Superadmins and admins operate in the same system but rarely interact directly. When a superadmin uploads a new document, admins need to know without checking the library manually. We built a notification system that alerts admins the moment a document is published, with a direct link to acknowledge it.
Outcome
Shipped and running.
The admin panel launched and is now used by law enforcement departments across the U.S. Role-based access reduced accidental actions and simplified document management for both admins and superadmins. Advanced search cut the time staff spent locating documents significantly.
$50K+
Annual savings from improved document management efficiency
200+
Law enforcement agencies using the platform
Testimonials
“Rhythm was instrumental in researching, designing, and shipping multiple features across our web and mobile apps. She went beyond her primary duties, pushing PRs in React, writing e2e tests, and turning research insights into backlog tickets. I would easily recommend her to any team.”
Anissa Tran
Sr. Frontend Engineer, BlueVoice
“Rhythm designed thoughtful solutions, including a reusable component library rather than copy-pasted mockups, and showed tremendous initiative throughout. I highly recommend her for any UI/UX role.”
Amit Patankar
CEO, BlueVoice
Reflection
What I learned.
Designing for high-stakes users requires ruthless clarity.

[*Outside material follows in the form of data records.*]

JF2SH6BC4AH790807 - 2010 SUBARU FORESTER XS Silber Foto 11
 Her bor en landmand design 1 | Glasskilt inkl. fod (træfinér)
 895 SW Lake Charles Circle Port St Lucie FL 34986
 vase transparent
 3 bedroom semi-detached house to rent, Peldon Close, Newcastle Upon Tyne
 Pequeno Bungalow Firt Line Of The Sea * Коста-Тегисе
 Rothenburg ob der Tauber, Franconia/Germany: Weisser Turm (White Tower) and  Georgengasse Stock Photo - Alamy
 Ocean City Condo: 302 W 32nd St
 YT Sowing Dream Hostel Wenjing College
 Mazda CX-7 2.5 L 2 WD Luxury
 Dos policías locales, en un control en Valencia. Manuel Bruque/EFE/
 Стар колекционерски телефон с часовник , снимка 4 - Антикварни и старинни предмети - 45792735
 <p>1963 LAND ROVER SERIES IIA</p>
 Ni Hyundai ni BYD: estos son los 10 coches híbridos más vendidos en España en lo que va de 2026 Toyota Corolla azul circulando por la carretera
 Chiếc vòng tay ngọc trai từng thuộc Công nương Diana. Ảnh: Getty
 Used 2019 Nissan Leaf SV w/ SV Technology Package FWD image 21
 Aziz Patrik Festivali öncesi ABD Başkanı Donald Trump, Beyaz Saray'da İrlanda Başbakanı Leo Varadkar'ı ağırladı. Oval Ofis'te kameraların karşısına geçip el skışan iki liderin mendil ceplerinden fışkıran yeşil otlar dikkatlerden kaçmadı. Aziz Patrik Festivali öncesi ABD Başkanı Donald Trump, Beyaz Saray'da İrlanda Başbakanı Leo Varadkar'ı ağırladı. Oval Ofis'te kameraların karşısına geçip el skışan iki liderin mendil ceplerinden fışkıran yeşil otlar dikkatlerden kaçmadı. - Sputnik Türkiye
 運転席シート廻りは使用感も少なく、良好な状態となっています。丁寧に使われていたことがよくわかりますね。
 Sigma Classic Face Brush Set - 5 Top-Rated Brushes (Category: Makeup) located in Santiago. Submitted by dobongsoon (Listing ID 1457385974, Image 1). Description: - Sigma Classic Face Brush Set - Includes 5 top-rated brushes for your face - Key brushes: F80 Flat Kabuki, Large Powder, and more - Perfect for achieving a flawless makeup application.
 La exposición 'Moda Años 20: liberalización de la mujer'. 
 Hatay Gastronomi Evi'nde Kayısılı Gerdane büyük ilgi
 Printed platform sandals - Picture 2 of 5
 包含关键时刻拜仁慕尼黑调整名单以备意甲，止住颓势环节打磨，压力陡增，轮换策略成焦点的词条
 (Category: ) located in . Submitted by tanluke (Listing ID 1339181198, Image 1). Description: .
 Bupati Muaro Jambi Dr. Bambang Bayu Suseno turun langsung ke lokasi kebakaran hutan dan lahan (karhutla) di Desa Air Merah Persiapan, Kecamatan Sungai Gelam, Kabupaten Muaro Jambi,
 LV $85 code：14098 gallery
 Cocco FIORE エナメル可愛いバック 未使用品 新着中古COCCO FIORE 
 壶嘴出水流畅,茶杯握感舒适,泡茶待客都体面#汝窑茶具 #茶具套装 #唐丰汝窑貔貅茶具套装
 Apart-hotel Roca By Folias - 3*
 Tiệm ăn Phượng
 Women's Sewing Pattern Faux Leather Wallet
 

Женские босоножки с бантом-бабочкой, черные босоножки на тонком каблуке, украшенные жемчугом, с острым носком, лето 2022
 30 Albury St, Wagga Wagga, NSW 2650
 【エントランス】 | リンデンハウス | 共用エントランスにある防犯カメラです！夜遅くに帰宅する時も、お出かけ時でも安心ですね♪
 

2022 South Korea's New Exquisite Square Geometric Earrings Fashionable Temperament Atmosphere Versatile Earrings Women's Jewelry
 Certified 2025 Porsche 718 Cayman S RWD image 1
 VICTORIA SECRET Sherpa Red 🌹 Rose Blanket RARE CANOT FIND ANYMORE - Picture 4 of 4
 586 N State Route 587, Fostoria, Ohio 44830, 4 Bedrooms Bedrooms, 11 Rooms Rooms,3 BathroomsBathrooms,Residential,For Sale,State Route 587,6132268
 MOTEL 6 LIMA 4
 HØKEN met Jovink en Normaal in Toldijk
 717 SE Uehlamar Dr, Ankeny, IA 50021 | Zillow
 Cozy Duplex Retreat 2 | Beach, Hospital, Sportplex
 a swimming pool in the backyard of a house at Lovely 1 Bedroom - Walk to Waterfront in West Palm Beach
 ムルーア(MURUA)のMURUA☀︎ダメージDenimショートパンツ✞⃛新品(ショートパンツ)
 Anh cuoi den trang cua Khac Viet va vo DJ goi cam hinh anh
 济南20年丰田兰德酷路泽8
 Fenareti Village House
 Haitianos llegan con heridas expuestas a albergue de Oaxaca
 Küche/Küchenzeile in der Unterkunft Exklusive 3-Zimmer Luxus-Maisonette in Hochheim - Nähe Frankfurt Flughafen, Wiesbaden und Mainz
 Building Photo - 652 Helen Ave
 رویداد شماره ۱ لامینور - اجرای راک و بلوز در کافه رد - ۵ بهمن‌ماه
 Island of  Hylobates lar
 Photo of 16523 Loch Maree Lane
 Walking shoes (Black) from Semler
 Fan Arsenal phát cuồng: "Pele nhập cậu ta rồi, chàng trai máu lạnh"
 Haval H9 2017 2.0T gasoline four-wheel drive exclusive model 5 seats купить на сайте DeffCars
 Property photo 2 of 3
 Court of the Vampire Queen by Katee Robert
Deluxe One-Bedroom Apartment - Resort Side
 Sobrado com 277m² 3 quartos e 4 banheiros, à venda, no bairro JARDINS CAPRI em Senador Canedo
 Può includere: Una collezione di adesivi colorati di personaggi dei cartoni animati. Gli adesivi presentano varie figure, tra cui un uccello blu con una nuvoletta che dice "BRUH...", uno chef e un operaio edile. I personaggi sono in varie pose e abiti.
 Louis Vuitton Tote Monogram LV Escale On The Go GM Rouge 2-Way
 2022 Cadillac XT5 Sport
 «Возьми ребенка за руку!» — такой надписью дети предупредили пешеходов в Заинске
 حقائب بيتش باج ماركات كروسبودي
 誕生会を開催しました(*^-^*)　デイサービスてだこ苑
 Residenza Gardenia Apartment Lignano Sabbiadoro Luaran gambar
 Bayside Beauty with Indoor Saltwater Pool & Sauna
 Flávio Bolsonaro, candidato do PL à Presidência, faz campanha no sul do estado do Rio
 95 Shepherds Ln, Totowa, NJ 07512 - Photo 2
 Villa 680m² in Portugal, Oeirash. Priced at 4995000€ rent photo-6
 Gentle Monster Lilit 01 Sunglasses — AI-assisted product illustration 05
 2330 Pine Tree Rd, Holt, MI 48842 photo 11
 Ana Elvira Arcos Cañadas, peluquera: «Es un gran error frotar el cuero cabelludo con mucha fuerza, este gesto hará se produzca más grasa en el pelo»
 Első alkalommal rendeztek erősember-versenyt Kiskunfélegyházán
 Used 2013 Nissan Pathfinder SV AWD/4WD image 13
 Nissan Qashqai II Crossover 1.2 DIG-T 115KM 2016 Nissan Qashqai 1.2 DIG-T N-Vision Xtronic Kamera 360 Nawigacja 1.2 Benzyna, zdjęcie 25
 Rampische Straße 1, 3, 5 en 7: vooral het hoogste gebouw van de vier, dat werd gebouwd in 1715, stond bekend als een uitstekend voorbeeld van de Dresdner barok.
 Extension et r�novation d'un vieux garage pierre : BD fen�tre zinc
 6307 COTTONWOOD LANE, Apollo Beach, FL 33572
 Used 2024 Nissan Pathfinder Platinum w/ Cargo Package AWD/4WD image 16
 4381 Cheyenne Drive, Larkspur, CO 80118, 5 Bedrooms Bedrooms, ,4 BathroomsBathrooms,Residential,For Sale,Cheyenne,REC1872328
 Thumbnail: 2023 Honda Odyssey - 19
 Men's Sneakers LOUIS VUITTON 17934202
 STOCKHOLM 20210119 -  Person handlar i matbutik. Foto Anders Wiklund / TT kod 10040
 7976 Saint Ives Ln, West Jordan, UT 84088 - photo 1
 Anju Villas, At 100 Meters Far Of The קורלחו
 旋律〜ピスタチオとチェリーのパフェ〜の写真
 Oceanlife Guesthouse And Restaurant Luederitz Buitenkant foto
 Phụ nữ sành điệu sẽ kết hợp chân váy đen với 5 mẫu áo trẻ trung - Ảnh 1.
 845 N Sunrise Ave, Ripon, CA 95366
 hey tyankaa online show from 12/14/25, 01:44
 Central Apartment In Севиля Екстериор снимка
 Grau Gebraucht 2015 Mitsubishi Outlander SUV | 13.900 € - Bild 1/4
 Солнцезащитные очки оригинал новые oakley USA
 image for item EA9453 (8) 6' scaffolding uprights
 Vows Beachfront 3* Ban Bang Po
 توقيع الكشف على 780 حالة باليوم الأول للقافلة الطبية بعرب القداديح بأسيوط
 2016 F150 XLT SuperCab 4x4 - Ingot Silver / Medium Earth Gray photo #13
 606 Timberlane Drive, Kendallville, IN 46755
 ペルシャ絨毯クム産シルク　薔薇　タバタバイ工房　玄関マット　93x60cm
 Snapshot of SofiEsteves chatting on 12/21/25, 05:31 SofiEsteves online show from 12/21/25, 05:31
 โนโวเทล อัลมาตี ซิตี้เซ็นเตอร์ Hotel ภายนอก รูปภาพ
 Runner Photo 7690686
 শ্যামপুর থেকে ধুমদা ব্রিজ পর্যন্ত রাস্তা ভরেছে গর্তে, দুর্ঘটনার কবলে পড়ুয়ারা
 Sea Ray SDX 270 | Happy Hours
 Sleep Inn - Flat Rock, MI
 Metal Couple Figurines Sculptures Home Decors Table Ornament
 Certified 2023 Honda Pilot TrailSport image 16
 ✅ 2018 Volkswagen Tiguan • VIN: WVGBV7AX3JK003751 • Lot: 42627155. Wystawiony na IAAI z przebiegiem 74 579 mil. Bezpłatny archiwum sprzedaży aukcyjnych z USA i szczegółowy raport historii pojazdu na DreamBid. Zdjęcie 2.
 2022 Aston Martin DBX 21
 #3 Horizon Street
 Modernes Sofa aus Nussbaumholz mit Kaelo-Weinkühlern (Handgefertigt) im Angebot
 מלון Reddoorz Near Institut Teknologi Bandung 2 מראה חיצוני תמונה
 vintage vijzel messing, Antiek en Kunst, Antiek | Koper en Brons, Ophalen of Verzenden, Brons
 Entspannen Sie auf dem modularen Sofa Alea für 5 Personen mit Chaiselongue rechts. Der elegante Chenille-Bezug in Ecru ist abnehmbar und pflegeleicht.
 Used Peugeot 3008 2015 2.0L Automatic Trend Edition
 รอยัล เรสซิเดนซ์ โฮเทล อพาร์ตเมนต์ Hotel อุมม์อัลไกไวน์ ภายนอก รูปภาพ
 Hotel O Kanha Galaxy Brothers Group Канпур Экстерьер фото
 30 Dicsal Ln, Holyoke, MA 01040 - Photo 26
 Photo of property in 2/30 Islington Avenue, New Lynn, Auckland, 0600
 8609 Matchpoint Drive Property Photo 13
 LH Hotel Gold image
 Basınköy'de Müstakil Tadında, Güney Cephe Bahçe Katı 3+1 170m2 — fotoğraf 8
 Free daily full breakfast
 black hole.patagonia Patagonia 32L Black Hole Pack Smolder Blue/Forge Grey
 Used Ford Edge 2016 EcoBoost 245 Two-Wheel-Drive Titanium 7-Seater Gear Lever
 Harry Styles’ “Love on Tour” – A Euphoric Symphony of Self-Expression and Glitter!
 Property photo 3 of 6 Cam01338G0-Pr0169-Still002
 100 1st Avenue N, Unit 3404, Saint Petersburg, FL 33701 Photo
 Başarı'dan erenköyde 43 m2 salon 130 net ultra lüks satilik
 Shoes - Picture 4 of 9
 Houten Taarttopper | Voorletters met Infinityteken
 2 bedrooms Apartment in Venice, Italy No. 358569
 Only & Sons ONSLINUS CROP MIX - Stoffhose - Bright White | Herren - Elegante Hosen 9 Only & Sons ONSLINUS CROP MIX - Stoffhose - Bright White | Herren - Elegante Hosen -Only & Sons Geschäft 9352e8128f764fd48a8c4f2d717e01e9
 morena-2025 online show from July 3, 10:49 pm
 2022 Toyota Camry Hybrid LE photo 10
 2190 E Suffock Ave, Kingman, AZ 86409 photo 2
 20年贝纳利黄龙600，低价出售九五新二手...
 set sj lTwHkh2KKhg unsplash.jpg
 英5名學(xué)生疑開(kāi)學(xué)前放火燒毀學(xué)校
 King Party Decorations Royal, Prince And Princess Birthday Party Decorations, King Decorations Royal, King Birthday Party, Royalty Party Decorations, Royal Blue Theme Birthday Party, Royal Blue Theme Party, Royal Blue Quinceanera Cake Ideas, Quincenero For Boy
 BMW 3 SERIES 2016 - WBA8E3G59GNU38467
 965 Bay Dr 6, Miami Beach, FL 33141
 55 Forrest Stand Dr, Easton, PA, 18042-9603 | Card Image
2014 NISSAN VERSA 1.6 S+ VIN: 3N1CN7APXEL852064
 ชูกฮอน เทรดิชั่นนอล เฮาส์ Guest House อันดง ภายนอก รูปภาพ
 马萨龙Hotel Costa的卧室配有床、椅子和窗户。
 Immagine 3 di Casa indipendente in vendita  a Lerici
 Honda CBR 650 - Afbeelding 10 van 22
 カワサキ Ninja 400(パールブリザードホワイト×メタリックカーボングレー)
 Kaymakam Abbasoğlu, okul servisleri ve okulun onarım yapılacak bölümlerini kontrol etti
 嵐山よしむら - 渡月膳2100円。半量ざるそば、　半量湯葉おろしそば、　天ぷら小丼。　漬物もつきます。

Law enforcement staff don't have time for confusing interfaces. Every decision, from information hierarchy to button placement, had to prioritize speed and accuracy over visual complexity.
Role-based design is as much about what you hide as what you show.
The superadmin experience wasn't just about adding features. It was about making sure those features didn't bleed into the admin experience. Progressive disclosure and role-gating kept both interfaces clean.
Building from zero is a different kind of challenge.
There was no existing system to reference or improve. I had to define the problem, the users, and the solution simultaneously. It taught me how to create structure from ambiguity.